Appleyard deliberately stays away from his fans’ online communities. “I have to stay away from all that. It just makes my head spin too much,” he confesses. “I respect everyone in there, and it’s sick, but if I start to look in there, I’ll start catering things for other people and worrying about them knowing too much or too little. If I cared what other people thought about this, I wouldn’t do it at all. Half the time, on Instagram Q+As, I’ll confirm something completely wrong. For every easter egg I give you, I’ll also throw in a smoke bomb if people are getting too close. It preserves the longevity of everything. It’s not me going, ‘I don’t want you to know’ – it’s me going, ‘Just wait.’
"It’s kinda like Charlie and The Chocolate Factory: you pick up a chocolate bar, and it might find a golden ticket in it – but then again, you might not."
Without having a clear gauge of how effectively his clues are being dissected, insisting on being hands-off throughout the process, there have been enormous revelations that have gone undetected. The music video for “Sweet.”, for example, had been released three months before its official drop. It was mailed out on VHS format in a giveaway, and miraculously, was not shared in advance. “It keeps people on their toes, right?” Appleyard smirks. “It’s just exciting. If I laid out everything for you in black and white, you’d get bored of it. It’s kinda like Charlie and The Chocolate Factory: you pick up a chocolate bar, and it might find a golden ticket in it – but then again, you might not. How far will your interest be piqued?” He knows it has worked when he sees the numbers rising.
But what if it doesn’t work? “I will go out of my way to make sure it does,” he answers firmly. “The first draft of the video for ‘Clean’ was terrible. It was trash. That’s where the whole TV thing came from,” he explains. “At first, it was just the green and white room. But then, when we put it through a TV, suddenly it looked great. If anything you make is terrible, make it look worse and then it will look twice as good.”

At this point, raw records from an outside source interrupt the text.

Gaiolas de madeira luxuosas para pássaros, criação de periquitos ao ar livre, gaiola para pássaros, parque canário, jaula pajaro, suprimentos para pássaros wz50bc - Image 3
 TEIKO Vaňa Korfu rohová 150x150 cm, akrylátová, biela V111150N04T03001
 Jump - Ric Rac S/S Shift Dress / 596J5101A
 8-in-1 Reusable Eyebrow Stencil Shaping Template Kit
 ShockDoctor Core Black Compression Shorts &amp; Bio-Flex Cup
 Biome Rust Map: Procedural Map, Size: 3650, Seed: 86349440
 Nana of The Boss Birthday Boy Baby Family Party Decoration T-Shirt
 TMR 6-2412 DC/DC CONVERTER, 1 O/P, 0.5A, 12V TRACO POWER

Even now, Appleyard feels that Static Dress has barely even started. “Even though the project has just been announced, for the next three years, it will still only just be getting started. Right now, it’s barely even got a foundation. As soon as I feel satisfied with this, it ends. We’ve already got so much stuff written and done, go to go, and that’s for at least the next five years. In fact, I know I’m still going to be doing this in ten years – even if it’s on a bigger level or a smaller level, it will still exist.” And that sense of satisfaction, he tells me, will only arrive when he leaves this world of music in a better place than how he found it.
That night, while Appleyard leans into the crowd who swarms around him, gazing at his face like his words are gospel, reaching out their hands for that electric feeling of touching the artist that has made their feelings tangible, I remember what he told me: “I’d rather play to a room of ten people losing their minds, thinking this is the best shit ever, compared to a room full of people who really liked that one song I did. There’s stuff I’ve got planned that I want to do for the small numbers – like, the very small numbers – and it will be very special. It’s the obsession in music that I want to create: not just with the band, but with the whole scene in this world that has disappeared.”